When I floated this theory to her, she seemed unimpressed.
“Mostly I just try to make what I see,” she said.
Stark’s eyes are huge, and she never seems to blink; it’s possible that she’s able to see a wider angle than most people can.
Marianne was also notable for introducing the unconventional but strikingly talented Allison Mieskowski, who will not be appearing in Woods . Rumor has it that the two were lovers and broke up during the production of Marianne ; Mieskowski did not attend the premiere. Stark would not comment directly on these rumors:
“Jacob wants me to get a publicist so they can tell me what to say to questions like that. But I’d probably still forget and mess up, and then they’d get mad at me. I guess what I want people to know about Allison is sometimes you see someone and it’s like, ‘There, that’s the face, that’s what I’ve been looking for all this time.’ And then everything they do becomes interesting.
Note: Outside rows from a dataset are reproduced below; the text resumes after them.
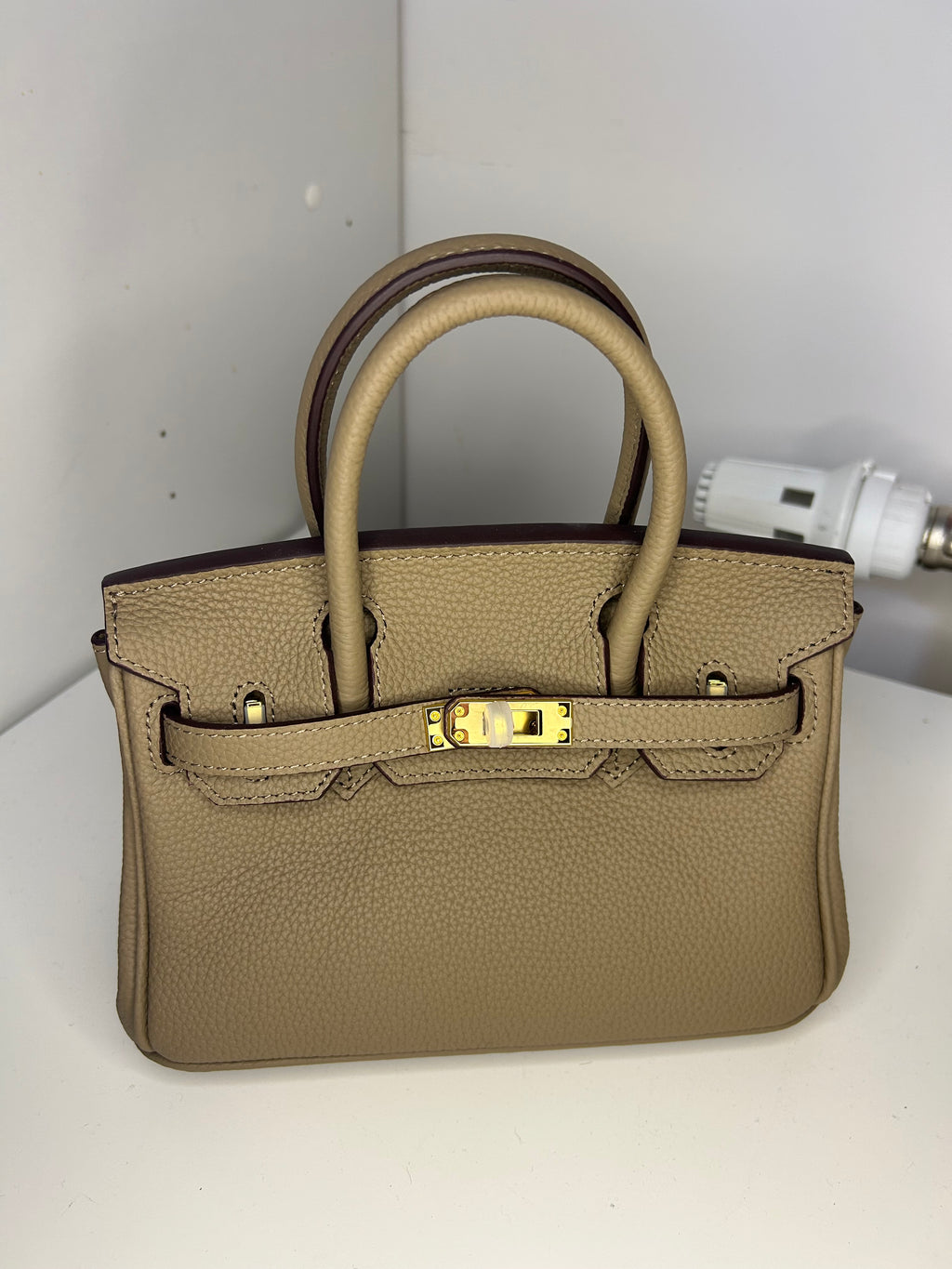 Mimi bag taupe 20 cm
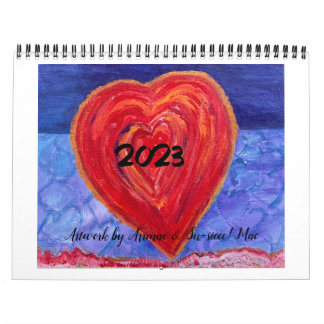 Calendário 2023 — Trabalho de arte por Arrmac & Su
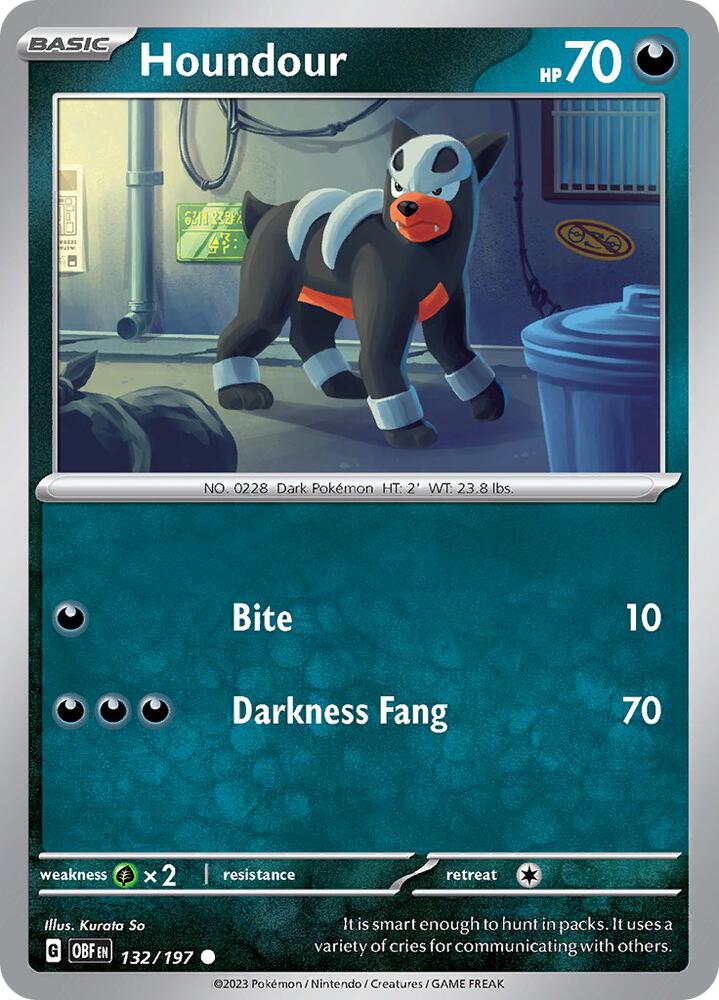 Houndour - #132/197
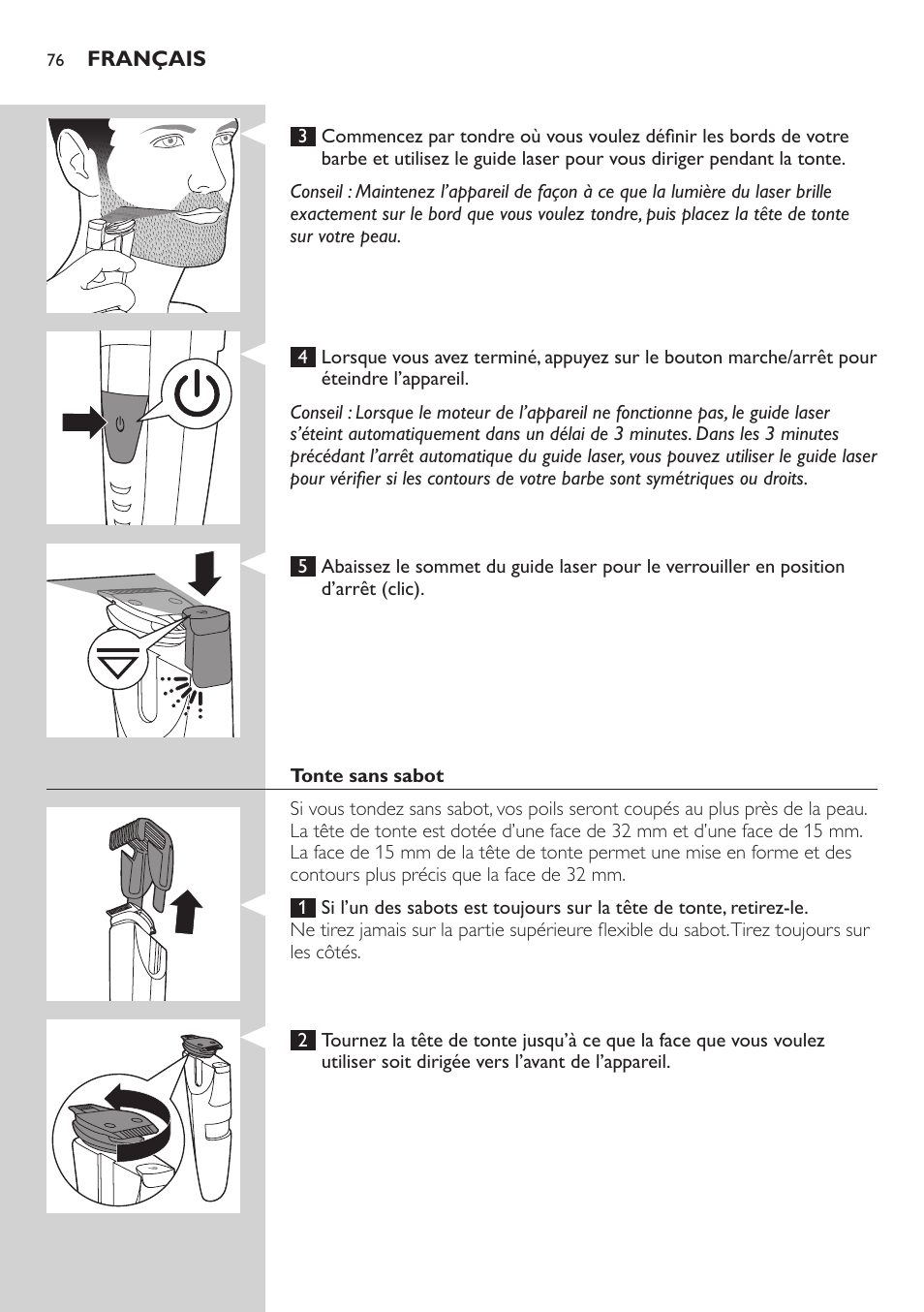 Philips BEARDTRIMMER Series 9000 barbero resistente al agua User Manual | Page 76 / 150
It’s not always the face though — it could be the way they move, or the way they stand, or even just one of their ankles. It’s like someone walking over your grave when you meet that person, and after that it’s the best feeling, like fitting puzzle pieces together.”
I asked if she was talking about movies or love.
“It’s hard for me to talk about love,” she said. “I think movies are the way I do that.”